To do
Set every line of the data down again exactly, and keep the pictures out.

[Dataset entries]
★ ★ ★ ★ ★
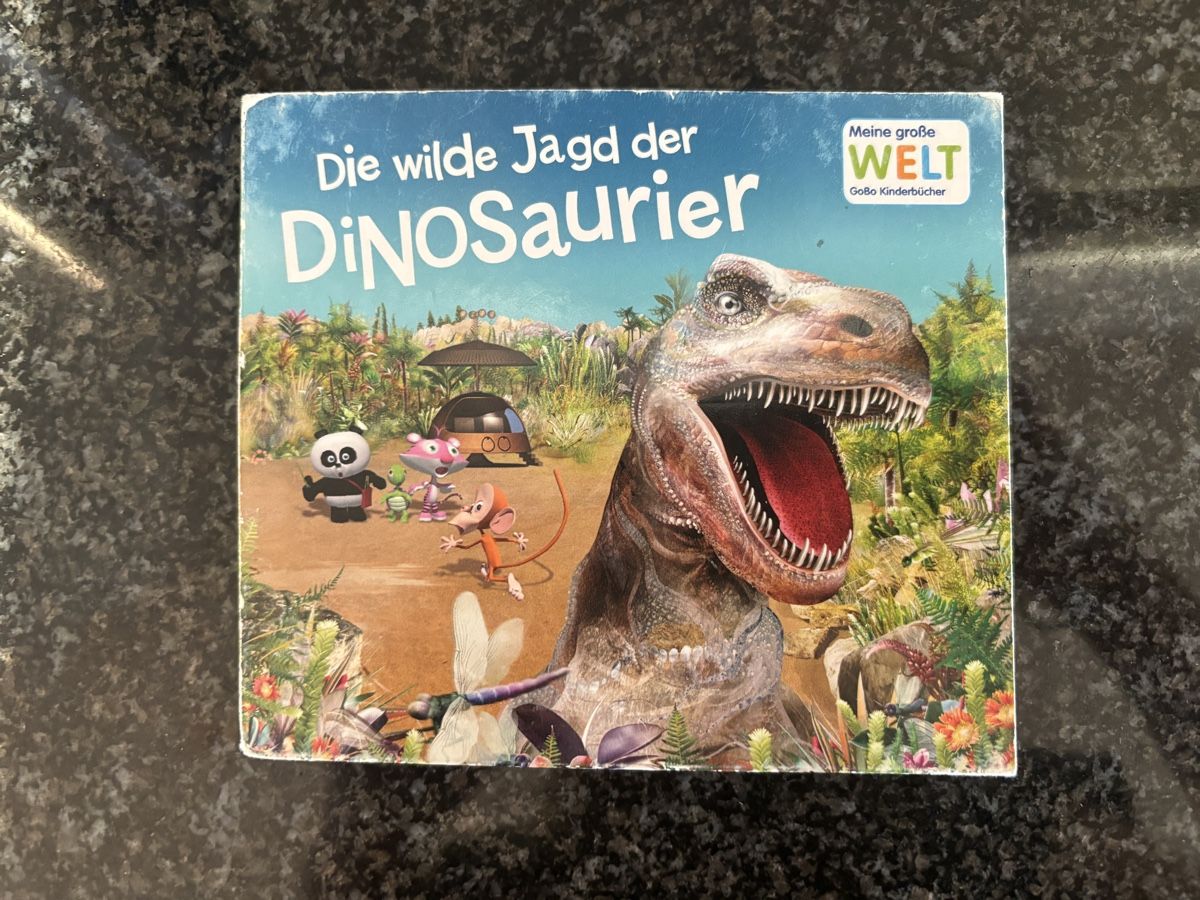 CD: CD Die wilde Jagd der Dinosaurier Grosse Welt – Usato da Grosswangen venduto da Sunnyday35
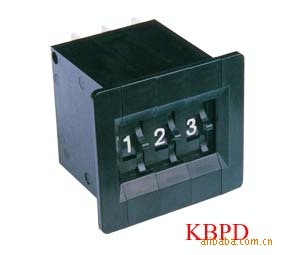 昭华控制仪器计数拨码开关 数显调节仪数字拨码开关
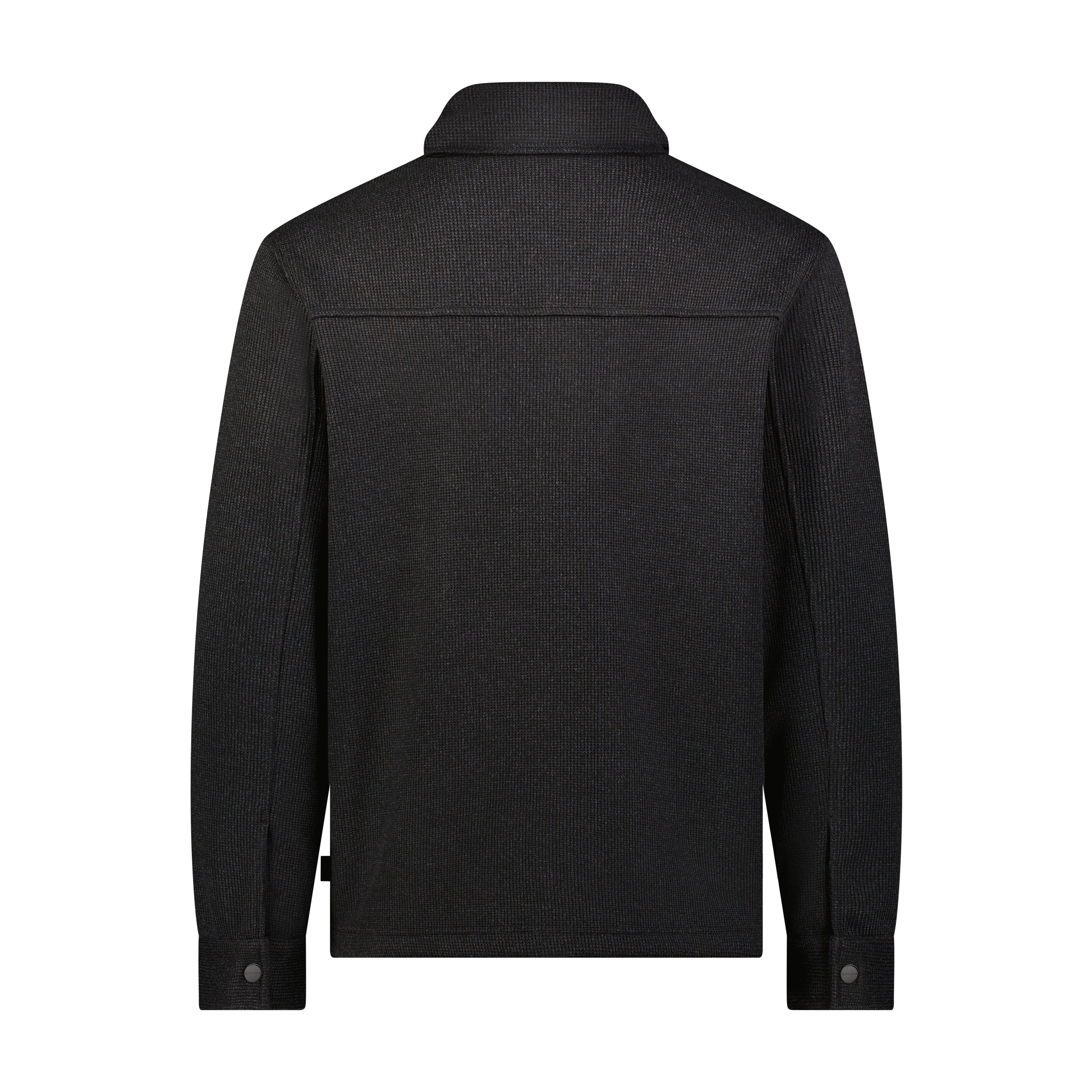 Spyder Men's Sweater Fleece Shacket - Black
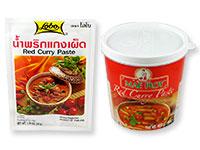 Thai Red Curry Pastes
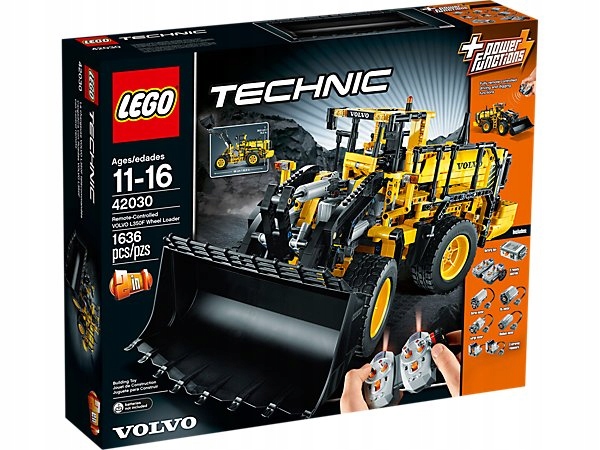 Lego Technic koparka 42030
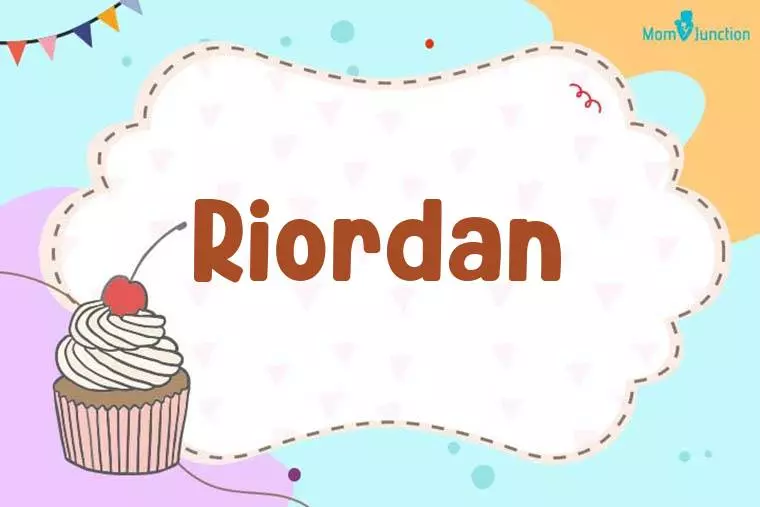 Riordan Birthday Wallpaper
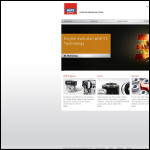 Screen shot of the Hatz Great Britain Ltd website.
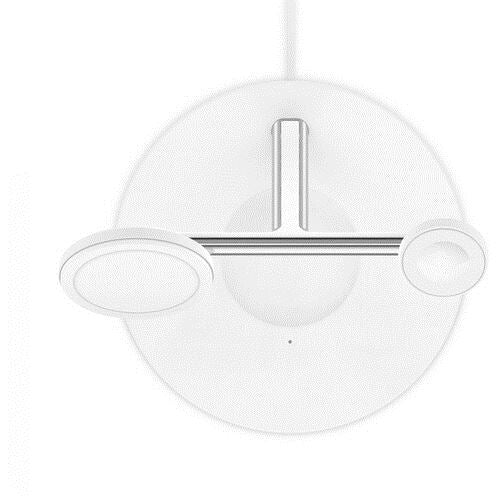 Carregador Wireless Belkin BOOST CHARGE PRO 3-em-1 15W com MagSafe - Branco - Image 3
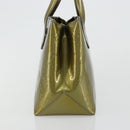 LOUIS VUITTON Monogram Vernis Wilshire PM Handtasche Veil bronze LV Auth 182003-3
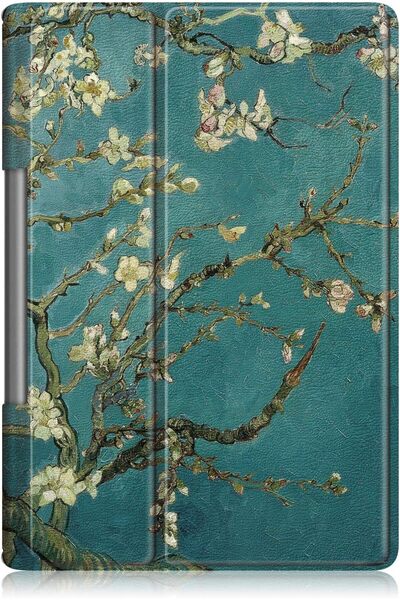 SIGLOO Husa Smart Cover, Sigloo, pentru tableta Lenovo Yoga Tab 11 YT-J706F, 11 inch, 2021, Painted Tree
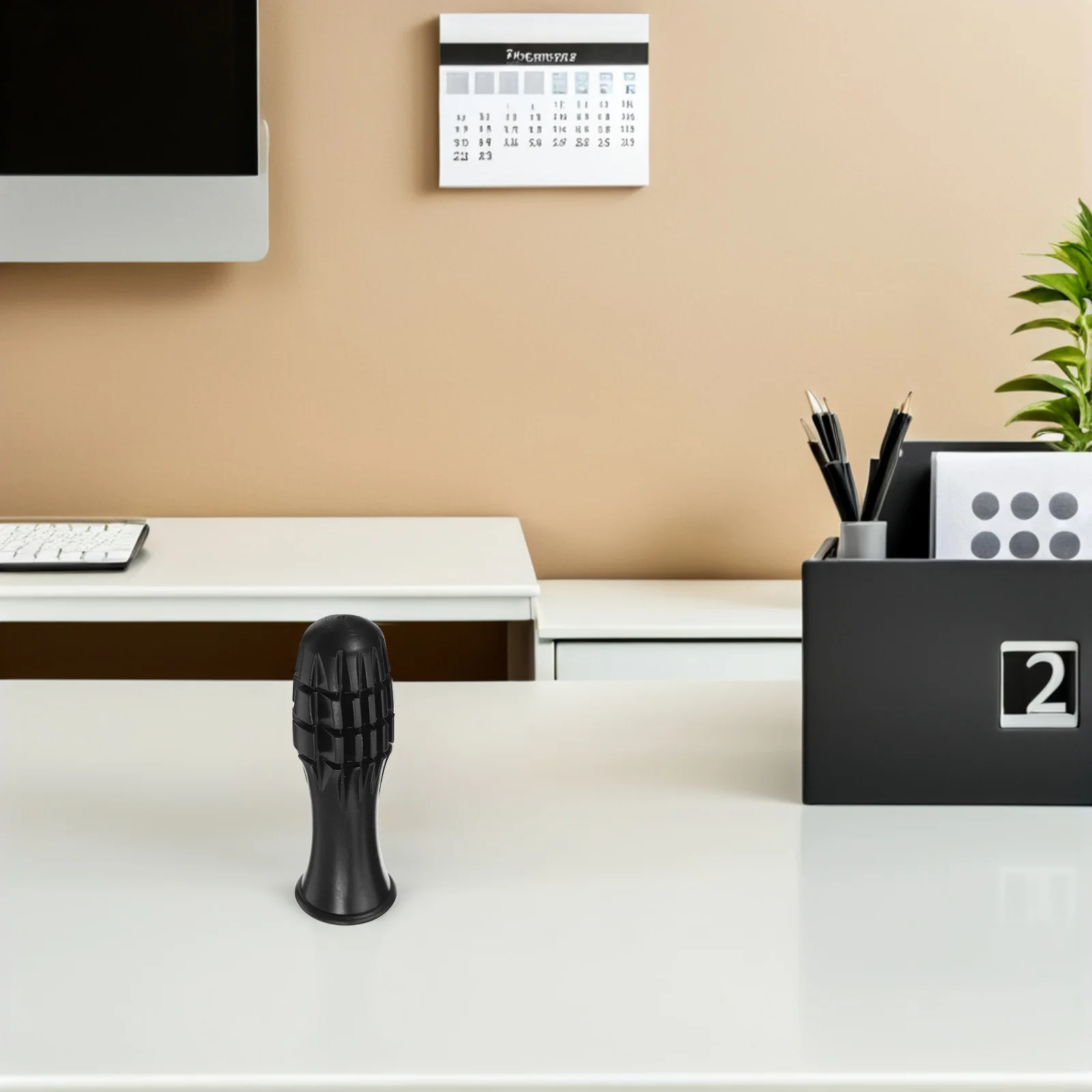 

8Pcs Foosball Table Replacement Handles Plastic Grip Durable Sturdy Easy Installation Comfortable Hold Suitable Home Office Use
★ ★ ★ ★ ★
Task solution
 CD: CD Die wilde Jagd der Dinosaurier Grosse Welt – Usato da Grosswangen venduto da Sunnyday35
 昭华控制仪器计数拨码开关 数显调节仪数字拨码开关
 Spyder Men's Sweater Fleece Shacket - Black
 Thai Red Curry Pastes
 Lego Technic koparka 42030
 Riordan Birthday Wallpaper
 Screen shot of the Hatz Great Britain Ltd website.
 Carregador Wireless Belkin BOOST CHARGE PRO 3-em-1 15W com MagSafe - Branco - Image 3
 LOUIS VUITTON Monogram Vernis Wilshire PM Handtasche Veil bronze LV Auth 182003-3
 SIGLOO Husa Smart Cover, Sigloo, pentru tableta Lenovo Yoga Tab 11 YT-J706F, 11 inch, 2021, Painted Tree

8Pcs Foosball Table Replacement Handles Plastic Grip Durable Sturdy Easy Installation Comfortable Hold Suitable Home Office Use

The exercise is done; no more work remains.